Task goal –
In the records below, begin at the line containing "Pantaloni Burberry in cotone color Burgundy" and end at the line containing "hifly icu train"; quote every line in that span exactly, including both boundary lines, and no others.

Information given –
------------------------------------------------------------------------

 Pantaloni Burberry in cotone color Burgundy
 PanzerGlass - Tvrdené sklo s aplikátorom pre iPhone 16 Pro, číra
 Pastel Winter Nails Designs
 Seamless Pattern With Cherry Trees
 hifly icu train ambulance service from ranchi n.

------------------------------------------------------------------------

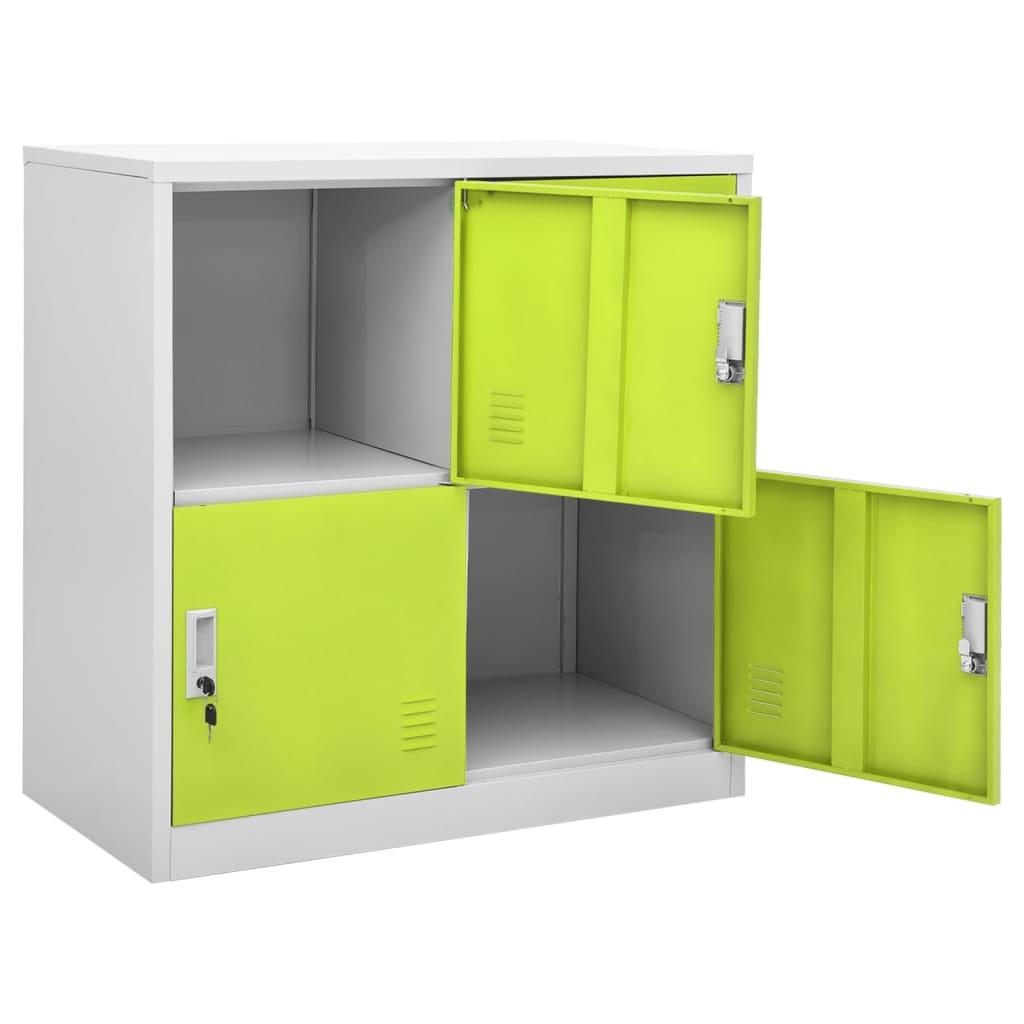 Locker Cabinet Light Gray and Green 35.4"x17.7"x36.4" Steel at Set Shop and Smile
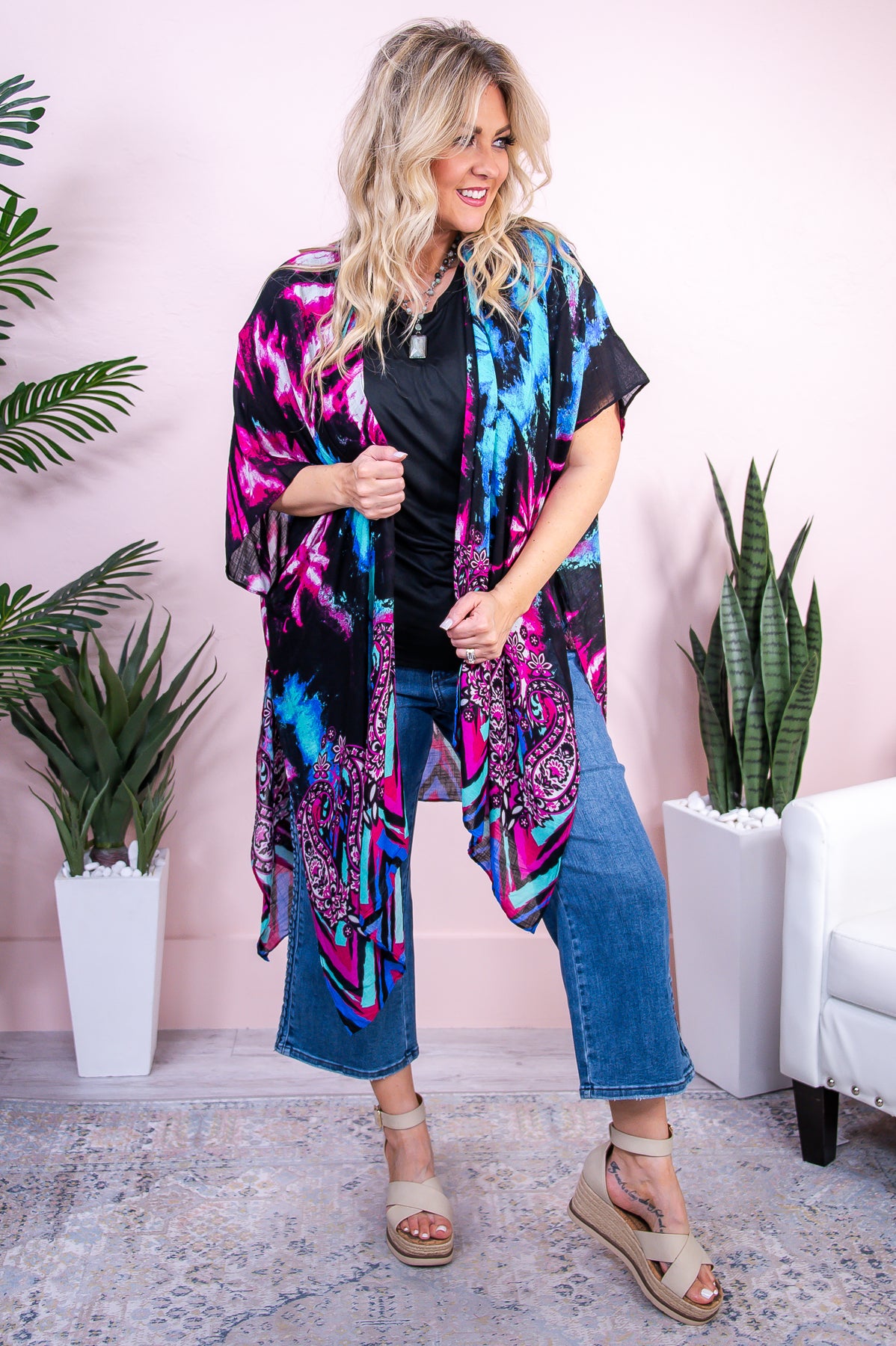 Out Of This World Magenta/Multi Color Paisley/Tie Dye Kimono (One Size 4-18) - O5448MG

------------------------------------------------------------------------

Solution for this problem –
 Pantaloni Burberry in cotone color Burgundy
 PanzerGlass - Tvrdené sklo s aplikátorom pre iPhone 16 Pro, číra
 Pastel Winter Nails Designs
 Seamless Pattern With Cherry Trees
 hifly icu train ambulance service from ranchi n.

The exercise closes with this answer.